I'm for consistency.  Not too dramatic of a concept I hope.

http://en.wikipedia.org/wiki/Napoleonic_Wars_casualties

Civilian deaths are impossible to accurately estimate. Whilst military  deaths are invariably put at between 2.5 million and 3.5 million, * civilian death tolls vary from 750,000 to 3 million*. Thus estimates of  total dead, both military and civilian, can reasonably range from  3,250,000 to 6,500,000.


----------



## CanuckMA (Aug 29, 2010)

dancingalone said:


> I'm for consistency. Not too dramatic of a concept I hope.
> 
> http://en.wikipedia.org/wiki/Napoleonic_Wars_casualties
> 
> Civilian deaths are impossible to accurately estimate. Whilst military deaths are invariably put at between 2.5 million and 3.5 million, *civilian death tolls vary from 750,000 to 3 million*. Thus estimates of total dead, both military and civilian, can reasonably range from 3,250,000 to 6,500,000.


 
Do you grasp the fundamental difference between civilian deaths during a war with going from town to town to round up a specific segment of the population to exterminate them?


----------



## dancingalone (Aug 29, 2010)

CanuckMA said:


> Do you grasp the fundamental difference between civilian deaths during a war with going from town to town to round up a specific segment of the population to exterminate them?
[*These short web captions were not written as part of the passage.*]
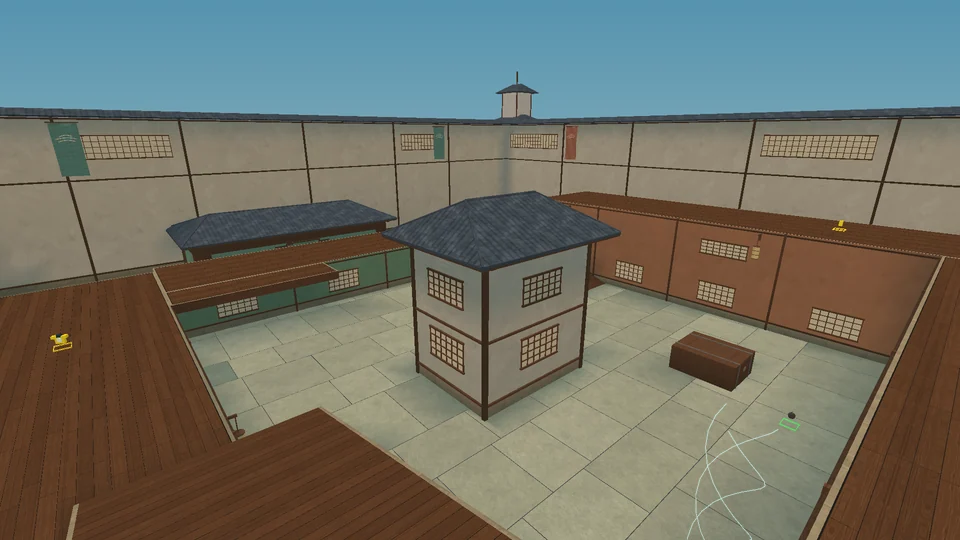 Windwalk, rendered in the game engine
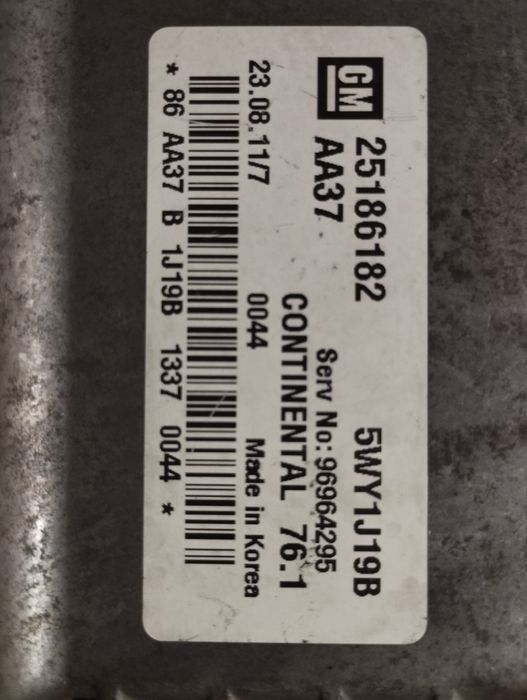 Продам компьютер (ЭбУ) на автомобиль Шевроле Круз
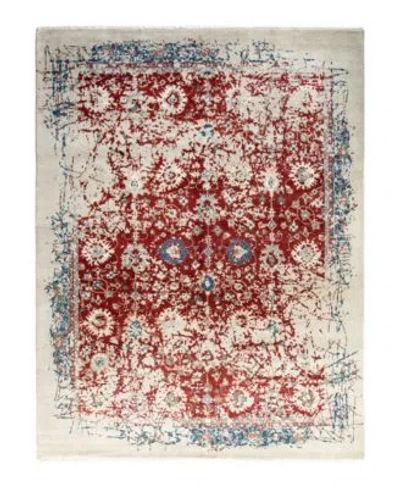 Adorn Hand Woven Rugs Indian Ooak M7386 Rug Collection In Multi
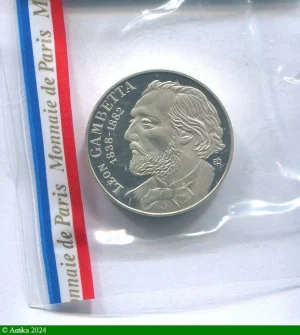 10 FRANCS GAMBETTA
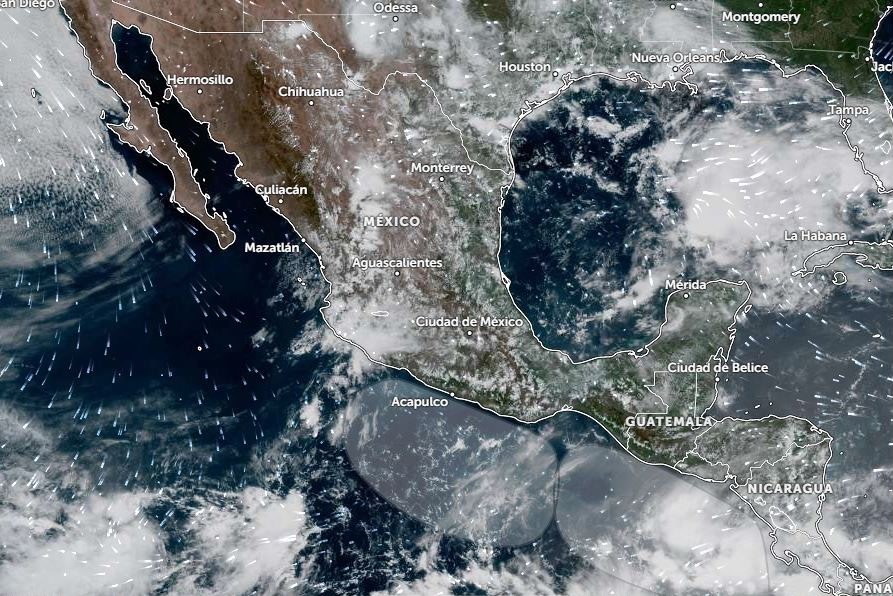Continuarán las lluvias hasta el sábado en el territorio poblano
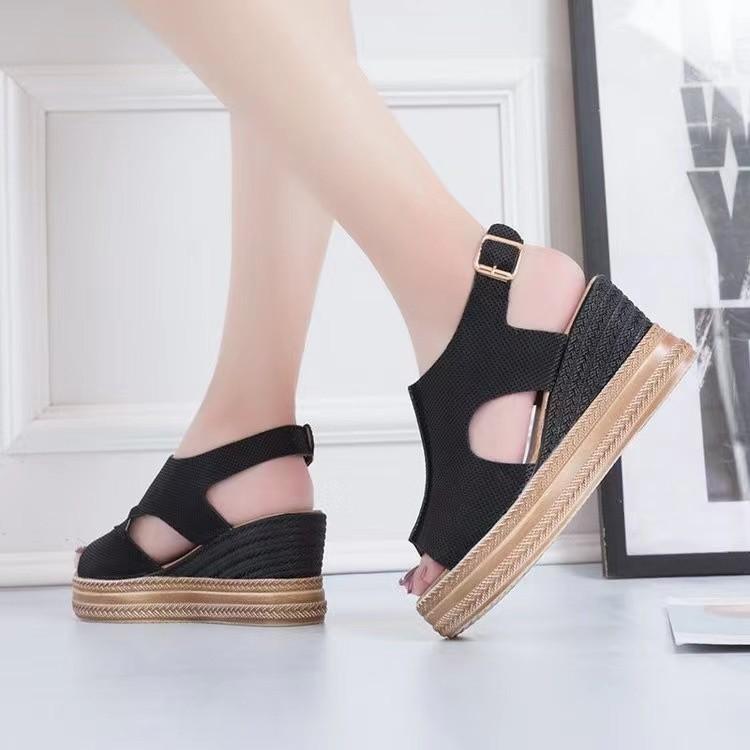 A669 Summer New Wedge Platform Sandals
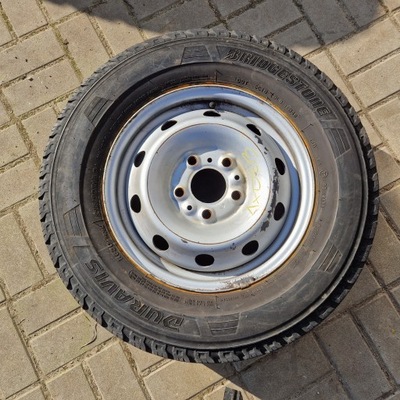 FIAT DUCATO CITROEN JUMPER PEUGEOT BOXER 5X118 215/70R15C ZAPAS 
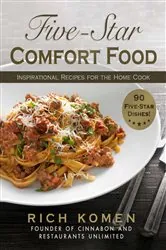 Book cover of Five-Star Comfort Food by N/A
Death is death.  Sure you could say intentional genocide is 'worse', but I would think the bystanders that suffered from the Napoleonic wars (or the US Iraqi invasion for that matter) wouldn't care about the distinction.

We admire conquerers like Napoleon or Julius Caesar or Alexander the Great because their actions are not visceral to us compared to people like Hitler or Pol Pot.  We largely ignore the heinous actions of Hitler's close or near contemporaries like Stalin & Mao.  Again, because no imagery survives to make the deaths they caused more 'real' to us.  
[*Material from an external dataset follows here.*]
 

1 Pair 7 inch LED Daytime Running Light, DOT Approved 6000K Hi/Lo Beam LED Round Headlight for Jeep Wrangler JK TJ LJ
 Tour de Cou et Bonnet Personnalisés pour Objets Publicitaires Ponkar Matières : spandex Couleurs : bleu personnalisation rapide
It's an inconsistent perspective, compounded when we say their actions are just a reflection of their times in the cases of even 200 years ago.


----------



## Senjojutsu (Aug 29, 2010)

Maybe the parents were big *SOUTH PARK* fans?

South Park - Season 1: &#8220;Pinkeye&#8221; - Aired on 10/29/1997
Cartmen dressed up as Hitler For Halloween
_"The boys wait for the bus in their costumes on Halloween day. _
_Kenny shows up and they think he still alive."_

http://www.southparkstudios.com/clips/149895/?searchterm=Pinkeye

Well at least the Aussie kid wasn't dressed as Chewbacca or Raggedy Andy.
:uhyeah:

BTW, didn't British Prince Harry (_a.k.a. Prince Henry of Wales_) get a ration of criticism when he dressed as a Nazi costume a few years back?
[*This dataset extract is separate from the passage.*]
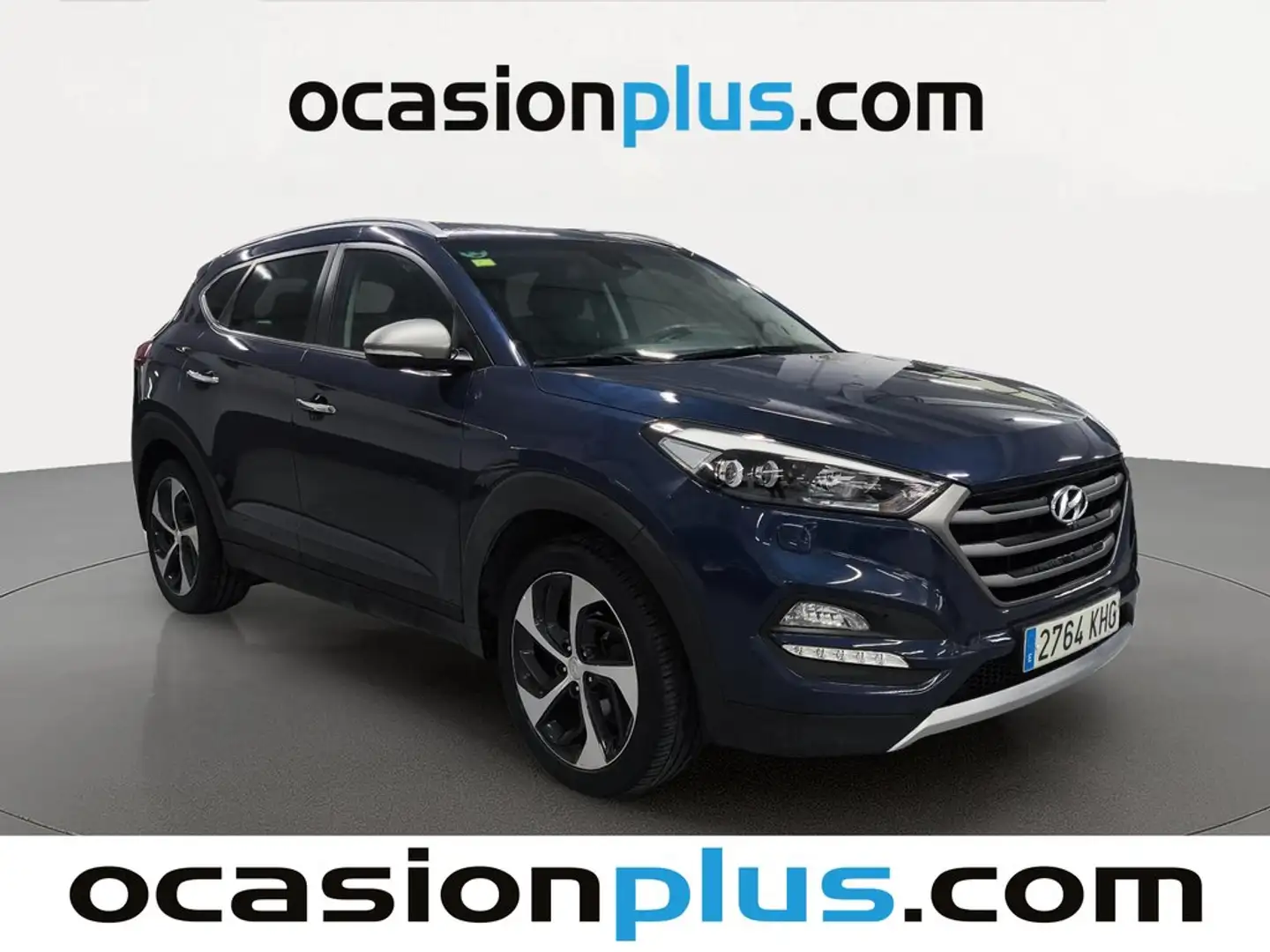 Hyundai TUCSON 1.6 TGDI BD Kosmo 4x2 DT 176 Azul - 2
Yes, here's the story from early 2005: 

http://news.bbc.co.uk/2/hi/uk_news/4170083.stm


----------



## Tez3 (Aug 29, 2010)

dancingalone said:


> Death is death. Sure you could say intentional genocide is 'worse', but I would think the bystanders that suffered from the Napoleonic wars (or the US Iraqi invasion for that matter) wouldn't care about the distinction.
> 
> *We admire conquerers like Napoleon or Julius Caesar or Alexander the Great* because their actions are not visceral to us compared to people like Hitler or Pol Pot. We largely ignore the heinous actions of Hitler's close or near contemporaries like Stalin & Mao. Again, because no imagery survives to make the deaths they caused more 'real' to us.
> 
> It's an inconsistent perspective, compounded when we say their actions are just a reflection of their times in the cases of even 200 years ago.


 


Speak for yourself, I don't admire any of them in the least nor do most people I know. We don't ignore Stalin or Mao, far from it actually. I know quite a few people who suffered under both.
Napoleon was of his time, you can't say he wasn't. Empire building by many countries was rife, it wasn't confined to Napoleon. Little notice was taken of a smaller countries protests at being invaded by a larger or stronger country. 'Gunboat' diplomacy was the order of the day. There was no International Red Cross, no United Nations and attitudes were very different then. Thankfully, while we are making slow progress towards universal peace most of us do appreciate it's something to work towards.


----------



## dancingalone (Aug 29, 2010)

Tez3 said:


> Speak for yourself, I don't admire any of them in the least nor do most people I know. We don't ignore Stalin or Mao, far from it actually. I know quite a few people who suffered under both.
> Napoleon was of his time, you can't say he wasn't. Empire building by many countries was rife, it wasn't confined to Napoleon. Little notice was taken of a smaller countries protests at being invaded by a larger or stronger country. 'Gunboat' diplomacy was the order of the day. There was no International Red Cross, no United Nations and attitudes were very different then. Thankfully, while we are making slow progress towards universal peace most of us do appreciate it's something to work towards.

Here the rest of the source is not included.